■ DIRECTIONS FOR THIS TASK ■
Copy all of the entries that follow, exactly.

= = = = = = =

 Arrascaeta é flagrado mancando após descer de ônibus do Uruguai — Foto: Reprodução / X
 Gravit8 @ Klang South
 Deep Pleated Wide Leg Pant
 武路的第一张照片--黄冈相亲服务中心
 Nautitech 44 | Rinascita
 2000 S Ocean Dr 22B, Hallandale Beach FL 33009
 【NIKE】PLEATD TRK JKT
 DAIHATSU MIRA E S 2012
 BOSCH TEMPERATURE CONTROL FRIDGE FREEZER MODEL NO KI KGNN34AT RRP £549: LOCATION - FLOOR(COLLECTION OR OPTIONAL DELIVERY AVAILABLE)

= = = = = = =

■ WORKED SOLUTION ■
 Arrascaeta é flagrado mancando após descer de ônibus do Uruguai — Foto: Reprodução / X
 Gravit8 @ Klang South
 Deep Pleated Wide Leg Pant
 武路的第一张照片--黄冈相亲服务中心
 Nautitech 44 | Rinascita
 2000 S Ocean Dr 22B, Hallandale Beach FL 33009
 【NIKE】PLEATD TRK JKT
 DAIHATSU MIRA E S 2012
 BOSCH TEMPERATURE CONTROL FRIDGE FREEZER MODEL NO KI KGNN34AT RRP £549: LOCATION - FLOOR(COLLECTION OR OPTIONAL DELIVERY AVAILABLE)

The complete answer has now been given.